Despite my grief, and maybe partly because of it, I have some thoughts and images I want to share here. You see, life feels very precious to me right now. Fragile, yes, but I’m also keenly aware of the sweetness of relationships and the beauty that is all around me. As one who has always wanted to think I can look down the road to prepare for what might be coming, I’m now only able to take one step at a time. In fact, I think I’m doing pretty good when I manage to put one foot in front of the other.
My energy is low. I don’t want to allow this blog to become an obligation or burden, so I’ve decided to simply promise myself – and you – a weekly entry, knowing the door is open for additional posts as and when I want. Both Jeff and I walk with our eyes open for blogging possibilities, so there will still always be ample material to draw from. At this moment, I am keeping my possibilities open.
I know that I am walking through uncharted territory in my inner world, and its seasons will reflect on my experiences in the outer world, and vice versa.

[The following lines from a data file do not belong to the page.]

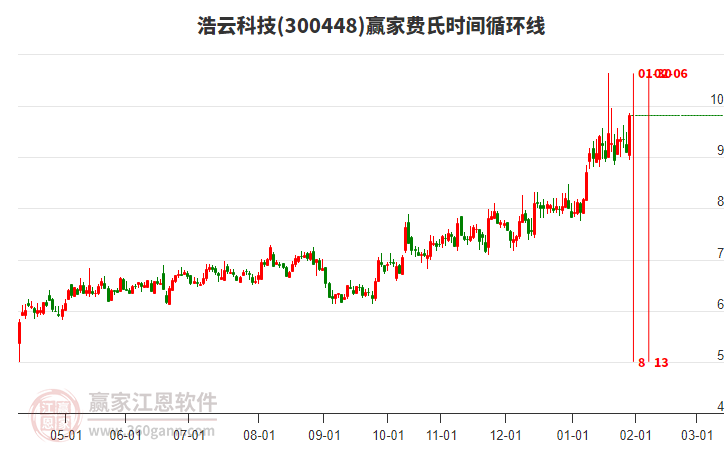 300448浩云科技費(fèi)氏時(shí)間循環(huán)線工具 300448浩云科技費(fèi)氏時(shí)間循環(huán)線工具
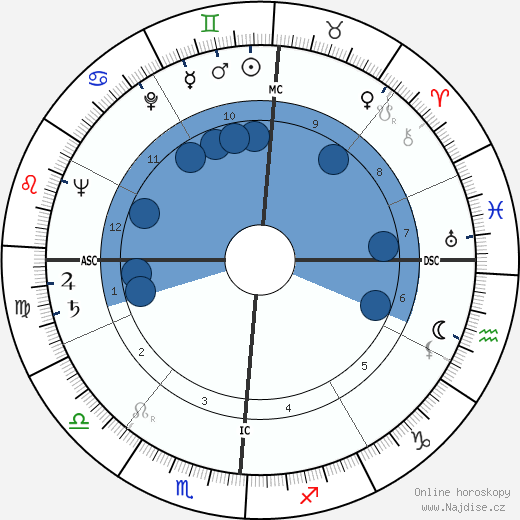 Caryl Chessman wikipedie, horoscope, astrology, instagram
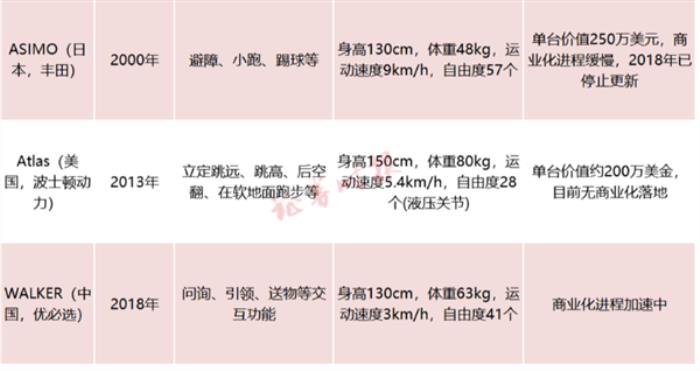 从世界第一到无人问津 日本的人形机器人为何堕落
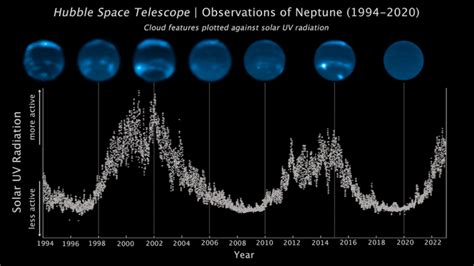 Analyze This: Neptune’s cloud cover syncs up with the solar cycle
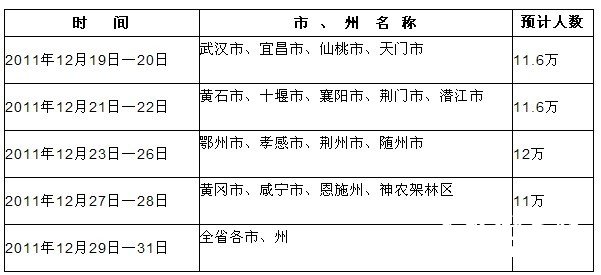 2012年湖北高考网上报名时间安排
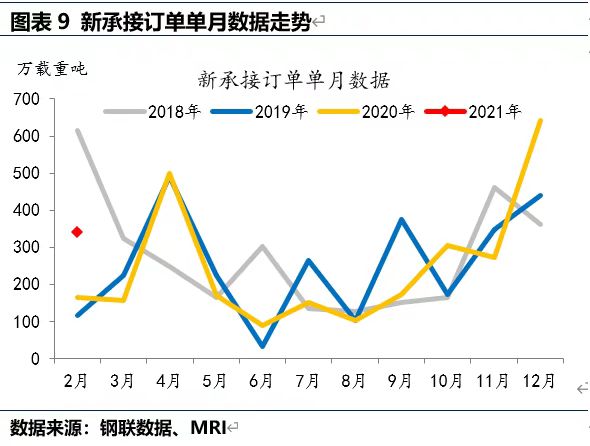 BDI指數有所下降
-國際海運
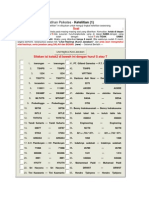 Latihan Psikotes - Ketelitian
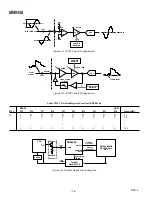 Предварительный просмотр 14 страницы Analog Devices AD9843A User Manual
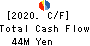 General Oyster,Inc. Cash Flow Statement 2020年3月期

What I’ve always loved about Walking in the Word is the invitation and permission to be spontaneous, to focus on the the quotidien, the daily experience, rather than only marking the deeper insights and brighter aha’s of what I call my cathedral moments. Even though it is no longer a daily blog, I still want to show up here without my mask of formal writing and well-curried emotions. For me, that’s what it means to truly walk in the world.
I’m so proud of you my dear friend! Thank you for your words, for sharing your grief and your healing heart. It helps me and I know it helps others. Love you and Miss you!
Keep on trukkin’ Mama
Trukkin’ your blues away!
Thinking of you and Jeff
Quite frequently,
Blissings
}:-)
Sig
Keep walking dear friend… keep walking.. so many of us are walking with you in spirit!
Our walking in the world does not always take us in the direction we had planned, keeping the mystery in life. I have been thinking of you.
Working Together – David Whyte
We shape our self
to fit this world
and by this world are shaped again.
The visible and the invisible
working together in common cause,
to produce the miraculous.
I am thinking of the way the intangible air
passed at speed round a shaped wing
easily holds our weight.
So, may we, in this life trust to those elements
we have yet to see or imagine,
and look for the true shape of our own self,
by forming it well
to the great intangibles about us.
I share your grief, Kimberly, having lost my beloved mother, Trish’s mother and brother, and our cherished family cat during the past year–the last two within three days of each other. Like you, I want to move forward with my writing projects but get rolled by wave after wave of grief. The losses remind me of the passage of time and the aging of a younger self who believes in the promise of plenty of time and energy to pursue her dreams. Yet Death’s message is firm and clear: Don’t wait for someday. Do it now. So I drag myself out of bed every morning to do the work that is mine to do–pen to page, fingertips on keyboard, stringing letters together into words, words into paragraphs, paragraphs into pages until the story is told. I wish you courage, dear friend, as we move onward together as storytellers of the Aquarian Age.